Le generazioni più giovani probabilmente non conosceranno appieno il filone d’oro del cinema di venti anni, ed anche più, or sono. Erano i film di eroi solitari e dei loro fedeli destrieri; film pieni di piombo e di frasi da tatuarsi sull’avambraccio; i film delle donne in eterna ed ansiolitica attesa del ritorno del proprio innamorato, che logicamente aveva altro a cui pensare. Si potrebbe andare avanti per secoli citando questo o quell’attore, quel regista o compositore, ma sarebbe soltanto una malinconica ondata di ricordi, proprio quei ricordi che si appiccicano, chissà perché, ad un film piuttosto che un altro. L’ultimo vero esponente di questo genere, spremuto all’inverosimile, risale alla prima metà degli anni novanta; quel Tombstone che, a conti fatti, risulta per assurdo una delle migliori produzioni Western di sempre, con la sua esemplare visione dell’’episodio cardine della vita di Wyatt Earp: la sparatoria di Ok Corral.

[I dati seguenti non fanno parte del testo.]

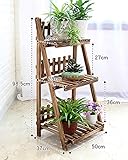 消毒木製フラワースタンド 木製フラワーラック/屋内および屋外の植物ラック/多層フラワーポット/3階ラダー階段/フロアタイプフラワーディスプレイスタンド 強い支持力 (サイズ さいず : 50cm)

Diverso il discorso per ciò che concerne il mondo dei videogiochi, da sempre piuttosto snob nei confronti dell’ambientazione legata al vecchio Far West. Ed ora un piccolo quiz: pensate al genere più idoneo per un gioco Western. Avete fatto? Esatto, è proprio il First Person Shooting ad incarnare in toto l’essenza delle leggendarie sparatorie dell’America che fu. La stessa opinione devono averla avuta gli statunitensi Human Head, che con la loro ultima fatica, Dead Man’s Hand, portano il giocatore nelle sabbiose ambientazioni di un Western con tutti i crismi.